To find which operation is blocking the context switch and causing the contextSwitchDeadlock MDA to be displayed, you can use the following steps. Note that I will be referring to Visual Studio 2012.
- Reproduce the error. This could involve some trial and error.
- Click 'OK' rather than 'Continue' in the Managed Debugging assistant which is displayed.
- Ensure that the Debug Location toolbar is active by right clicking on the toolbar docking region and selecting 'Debug Location'. You should see a drop down list labelled 'Thread' in the toolbar if it is active.
- The selected item in the Thread drop down list should be a thread other than the main thread as it will be a background thread that is complaining that the main thread is hogging all of the attention. Select the main thread in the drop down list.
- You should now see the code that is blocking the context switch in the code editor.
Assuming that you decide against moving the resource intensive operation off your main thread - take a look at some of the other answers and comments here before you do - you have the following options to disable the Managed Debugging Assistants.
Within the Visual Studio Debugger
- You can disable an MDA directly in the MDA dialog that is
displayed when the error occurs by unchecking 'Break when this
exception type is thrown'.
- With Exception Settings dialog using the instructions below from MSDN.
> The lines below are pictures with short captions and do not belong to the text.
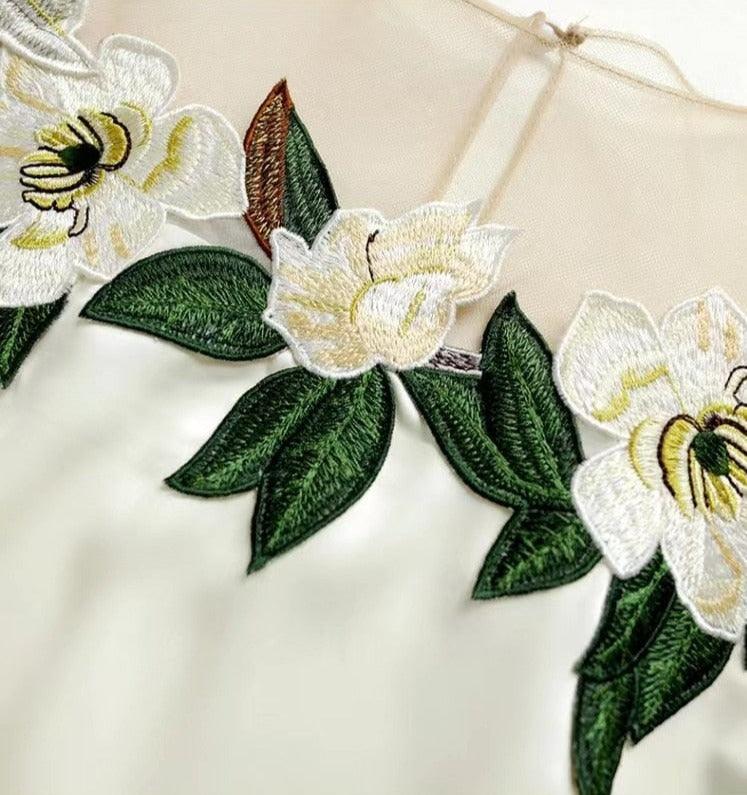 Blusa Provence™️ Alfaiataria em Chiffon com Bordados Florais / Um Verdadeiro Show de Exclusividade & Glamour! - ModernLar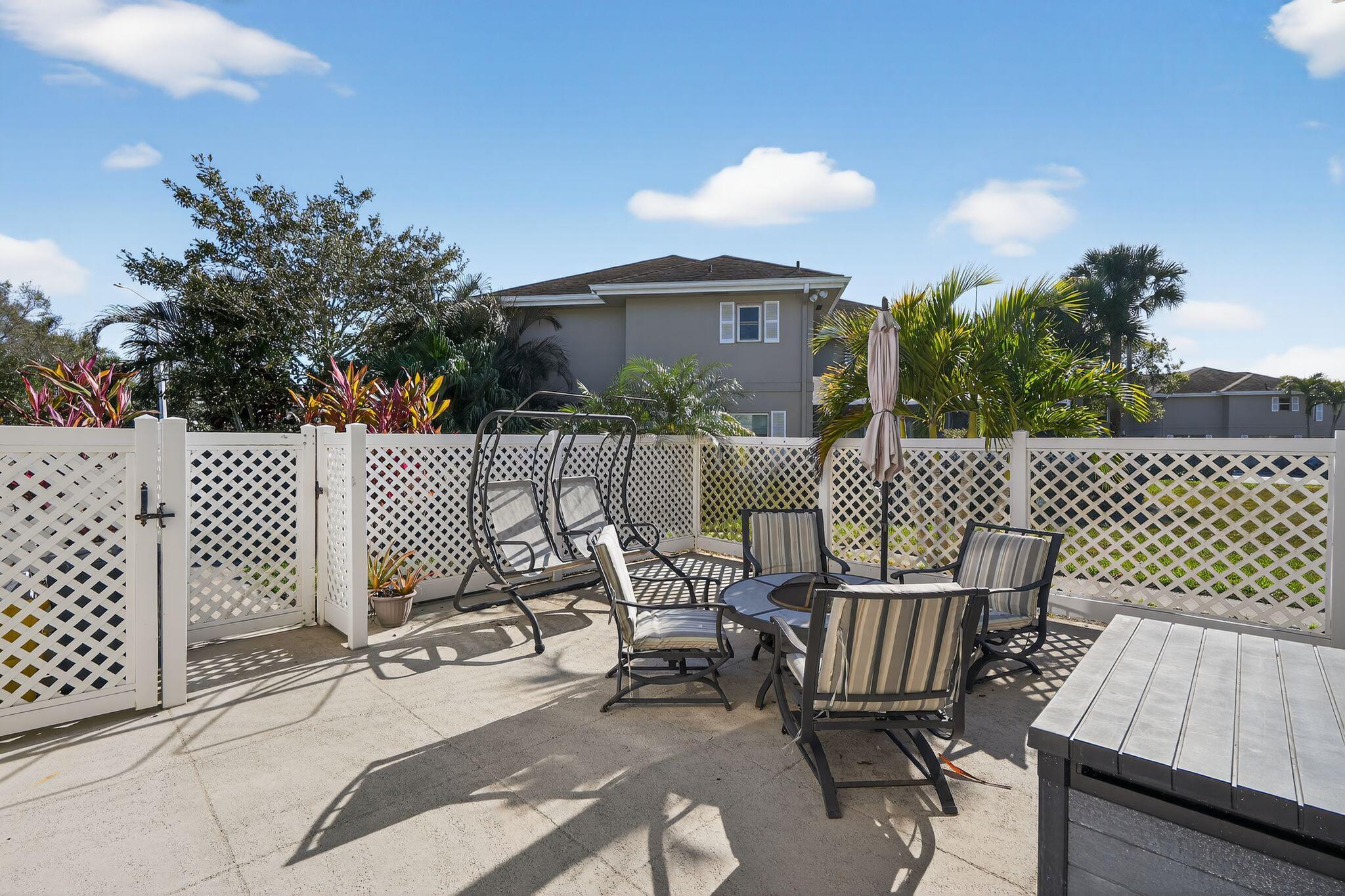 STAMFORD AT SUNSET TRACE (AKA MARTIN DOWNS PLAT 36 - Residential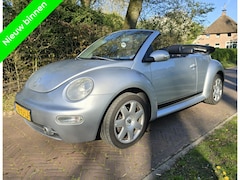 Volkswagen New Beetle Cabriolet - 1.8-5V Turbo Highl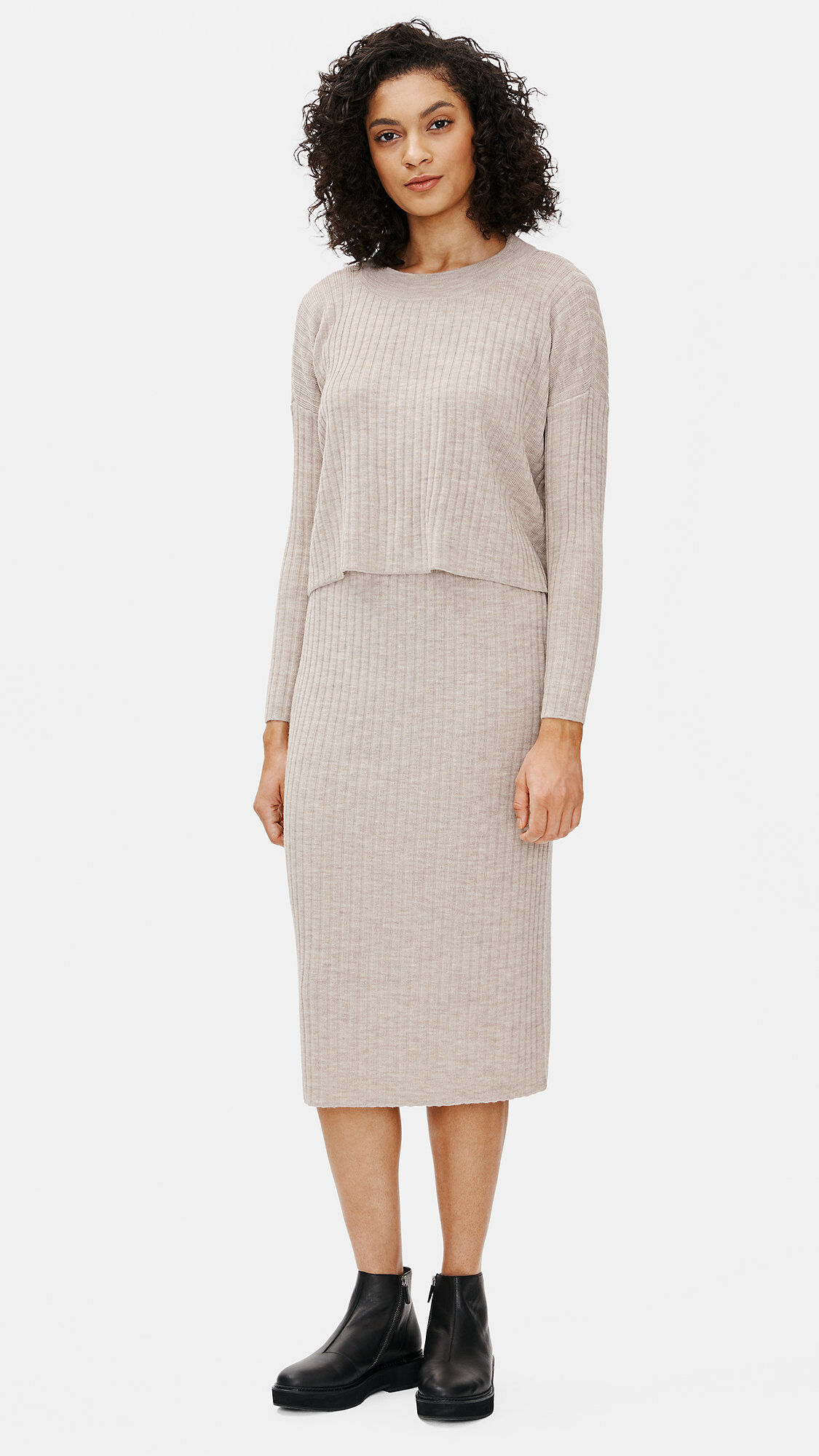 Merino Pencil Skirt in Regenerative Wool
...on the Debug menu, click Exceptions. (If the Debug menu does not contain an Exceptions command, click Customize on the Tools menu to add it.) In the Exceptions dialog box, expand the Managed Debugging Assistants list, and then clear the Thrown check box for the individual MDA.
Outside the Visual Studio Debugger
- Registry Key (Machine Wide, All MDAs affected)
- Environment Variable (Machine Wide, MDAs can be specified)
- Application Configuration Settings (Application scope, MDAs can be specified)
Note: One of the first two options must be set to 1 for the third to have any effect.
In my case, the problem was a call to ObjectContext.SaveChanges() in the Entity Framework within a console application. With the MTAThreadAttribute applied to the Main()
method the ContextSwitchDeadlock exception was no longer raised. I am unfortunately unsure of the full affects of this change.